MANY new office buildings in Bratislava have an occupancy rate of just 60 percent or even less. Insiders say that although the conditions for increased demand have been in place for some time the boom is not happening.
On the contrary, talk has turned to the stagnation of the office market in Bratislava and the virtual non-existence of such a market in other parts of the country.
The number of new offices and administrative centres in Bratislava took off a few years ago. In the 1990s the capital was suffering from a shortage of first-class office premises and developers thought they saw a great opportunity. However, since then, the supply of office premises in Bratislava has significantly outstripped demand.
According to Marek Ďurkovič, real estate analyst from developer J&T Financial Group, developers in Bratislava are permitted to build from 40,000 to 50,000 square metres of A-category office space each year.

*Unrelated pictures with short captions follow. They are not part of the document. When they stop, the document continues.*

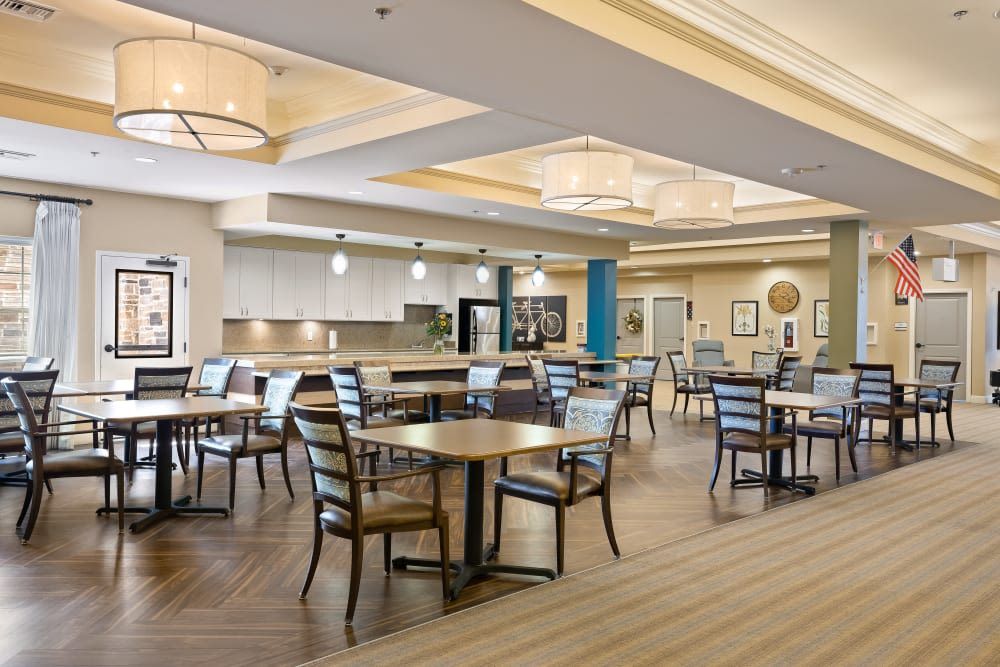 A modern dining area with neatly arranged tables and chairs in a spacious, well-lit setting.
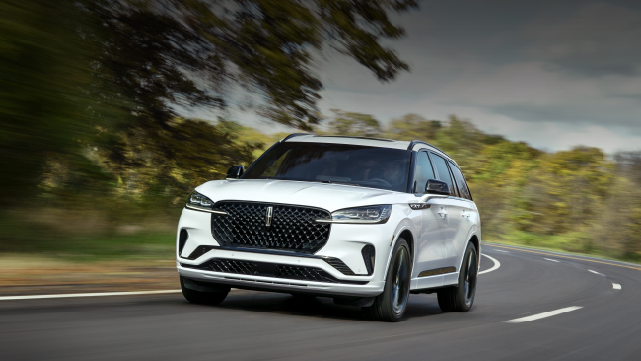 A white 2025 Lincoln Aviator® SUV is being driven down a road lined with trees. | Angela Krause Lincoln of Alpharetta in Alpharetta GA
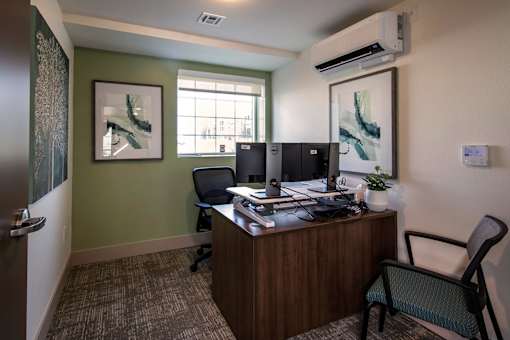 A room with a desk and a chair.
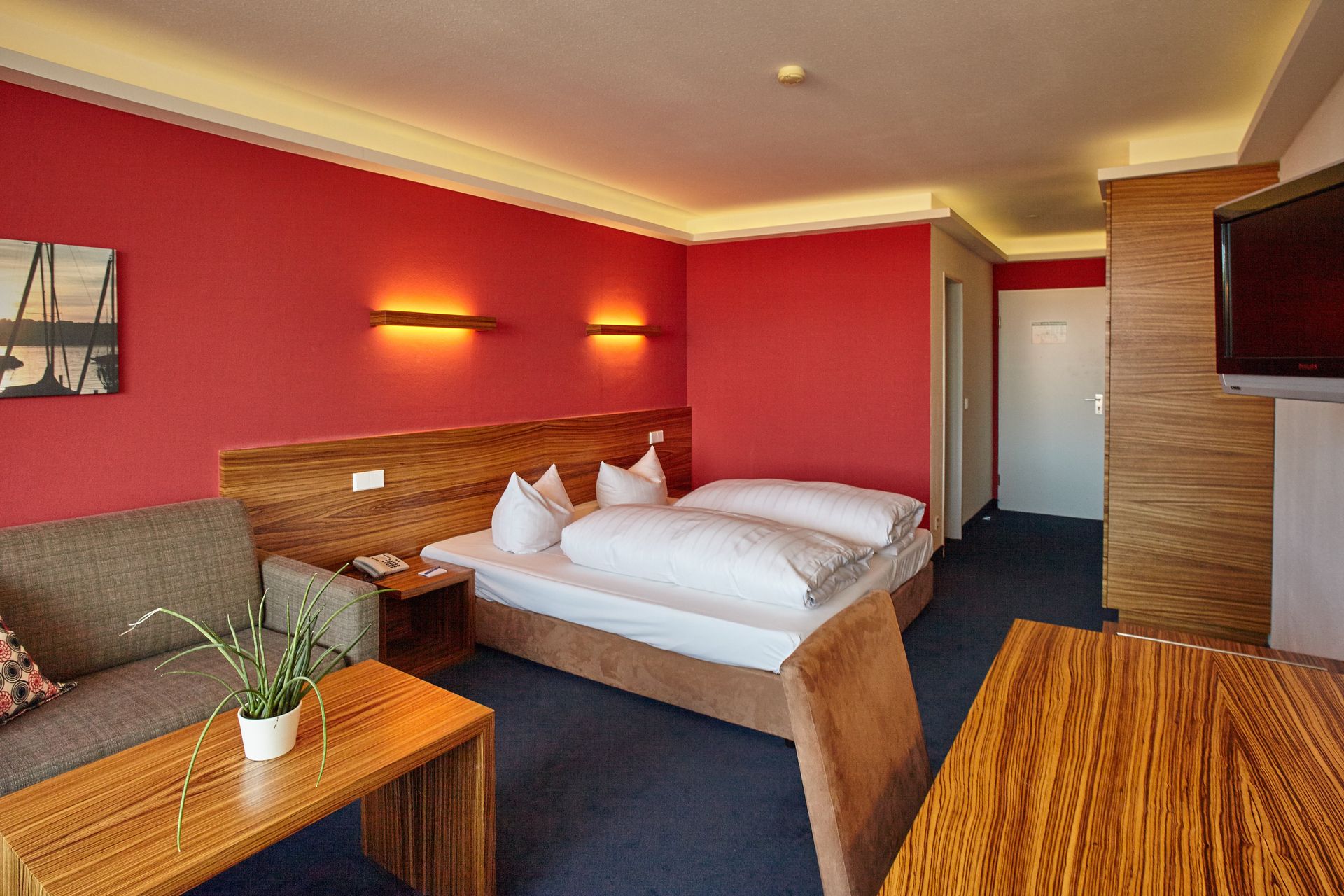 Ein Hotelzimmer mit zwei Betten, einer Couch, einem Tisch und einem Fernseher.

This fact meant too many developers wanted in on the action and the result is an over-provisioning. "That is why during the last year, supply surpassed demand and there are more and more unoccupied or only partially occupied buildings in the city," said Ďurkovič.
Analyst Radoslav Beko from HB Reavis Group added: "Currently, the market for office premises in Bratislava is experiencing huge stagnation. Many administrative buildings have less than 60 percent occupancy and they have to fight for each client."
Developers believe Bratislava has a favourable environment and advantageous rents that should be attracting companies in droves. Nevertheless, nothing is happening.
"The tax reform, accession into the EU and cheap labour, together with low rents, are the preconditions for a possible increase in demand," J&T's Ďurkovič said. However, demand is not moving, he added.
HB Reavis' Beko agreed that despite Slovakia being a new EU member, new clients are just not coming. "Developers are currently experiencing a recession which should last for a long time. Only the strongest will survive."
The only significant movement is from existing clients transferring from old buildings into new ones.
Bratislava offers the lowest rent for office space in the EU, including the Visegrad Four countries. Analysts do not expect prices to rise in the near future due to both the stagnation in the market and the low purchasing power of Slovaks.
Prices should go up only gradually, according to the rise in Slovaks' living standards.
"On average, the price per month for A-category premises in Bratislava is €12 to €14 per square metre. This is roughly the same as in Budapest. Such premises are rented in Warsaw and Prague for €15 to €19 per square metre a month. Older EU member countries have more developed real estate markets and the prices there exceed €25 to €30 per square metre a month - depending on the city. Prices can be two or even three times higher in some older EU countries," Ďurkovič said.
"The price range in Bratislava is €7.5 to €14 per square metre a month depending on the standard of premises. Compared to other EU countries the price is low. If new premises continue to be built in Bratislava, the price will move further down. Given current trends it is reasonable to expect prices to be no higher than €10. In other towns than Bratislava the price is lower than €7.5," explained Beko.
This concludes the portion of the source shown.